The Shanghai Conference was established to facilitate dialogue between academics, policy makers, and those in the private sector. Approximately 50 people from these fields gathered to discuss issues related to the three central themes: “Migration, Aid and Trade,” “Environment, Science, Infrastructure and Industry” and “Partnerships in Public Health.”
Kitano participated in panel one, “Broad Perspectives: India, Japan and China in Africa” as a discussant. In discussing Japan’s development efforts in Africa, he stressed that the process of 2016 Tokyo International Conference on African Development (TICAD) was open and inclusive, and spoke on JICA’s new Initiative for Food and Nutrition Security in Africa (IFNA).

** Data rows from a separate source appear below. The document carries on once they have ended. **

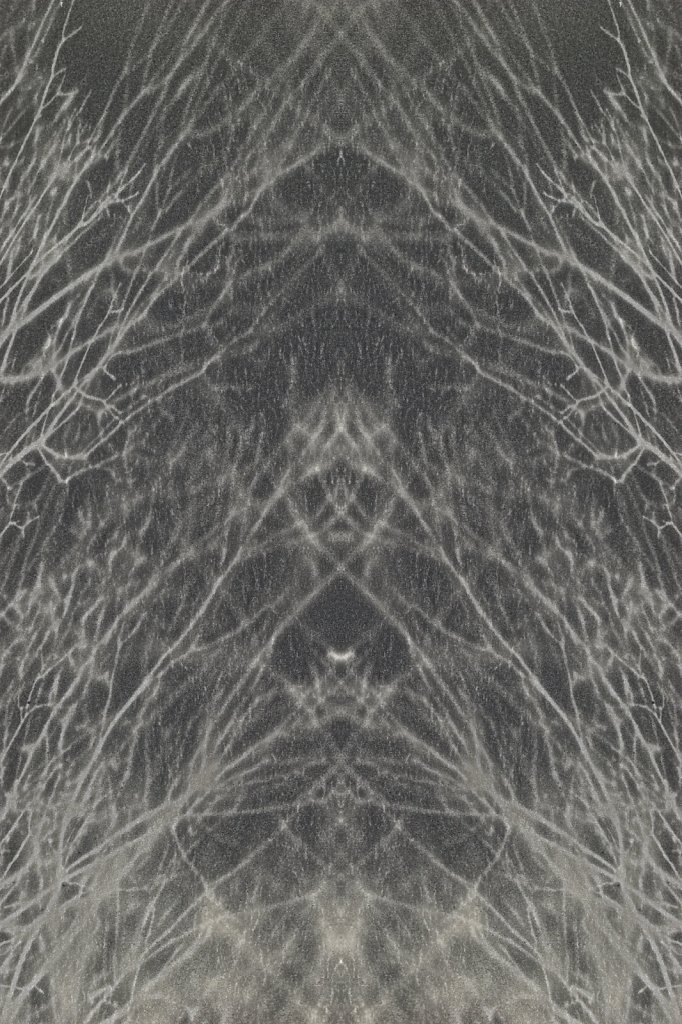mirroredbranches.jpg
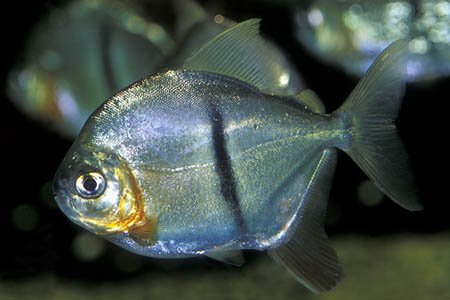 Myleus schomburgkii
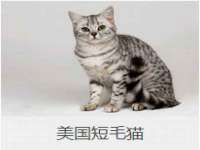 山东沐泽商贸有限公司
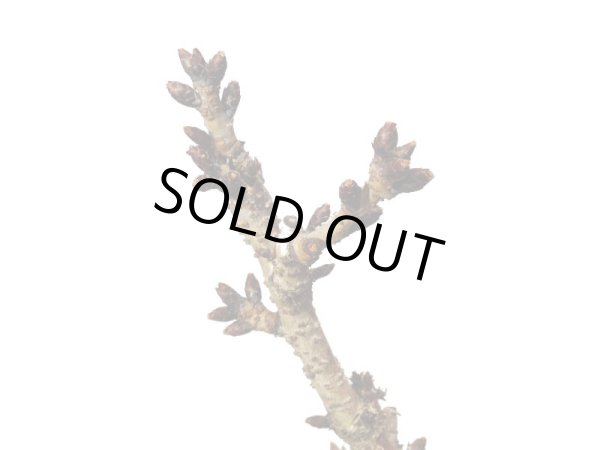 画像4: 旭山桜　貴風盆栽素材 (4)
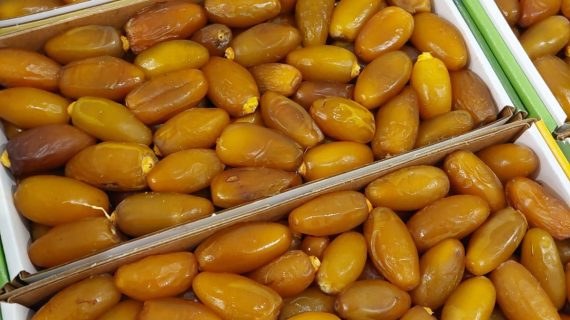 Harga Kurma 1 Kotak : Kualitas Premium dari Ruthob Rayan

In panel six, “Africa and Asia: The Way Forward,” Kitano spoke on the characteristics of JICA’s efforts in facilitating the development of Africa, based on the three pillars of the Nairobi Declaration established at TICAD VI: Pillar 1 - Promoting structural economic transformation through economic diversification and industrialization, Pillar 2 - promoting resilient health systems for quality of life and Pillar 3 - promoting social stability for shared prosperity. He spoke about how these efforts are to handle the issues facing Africa today.
Kitano gave several examples of how JICA has contributed to Pillar 1. He referred to Olkaria geothermal power project in Kenya and the development of master plans to develop economic corridors as examples of quality infrastructure, and the Ajinomoto “Ghana Nutrition Improvement Project” as an example of JICA cooperating with the private sector. He also spoke on JICA’s support of the Jomo Kenyatta University of Agriculture and Technology since 1978, as an example of a long-term effort to build a mutual relationship between Japan and Africa. As examples of the scaling-up approach, he introduced the Africa KAIZEN Initiative, based on the Japanese business management method of “kaizen.” He also spoke of the Small-Holder Horticulture Empowerment and Promotion (SHEP) approach. The SHEP approach addresses the motivation of farmers, and ensures their success in farming as a business. This approach was originally developed in Kenya and since then spread to 23 other African countries.
Kitano discussed many of JICA’s diverse projects. With regards to Pillar 2, he spoke of a development policy that lends for the purposes of supporting Kenyan health care, as an example of Universal Health Coverage (UHC)—providing health services to all people. For Pillar 3, he gave as an example the Coalition for African Rice Development (CARD) initiative, an evidence-based approach that aims to solve food shortage, and how the JICA-RI conducts impact analyses for this approach.
Finally, Kitano spoke on JICA’s new vision, “Leading the world with trust,” and emphasized the importance of a mutual trust with Africa. The audience then asked questions on the definition of quality infrastructure, and the reality of working with NGOs in Africa. This valuable discussion allowed participants to think about the relationship between Japan, Asia and Africa.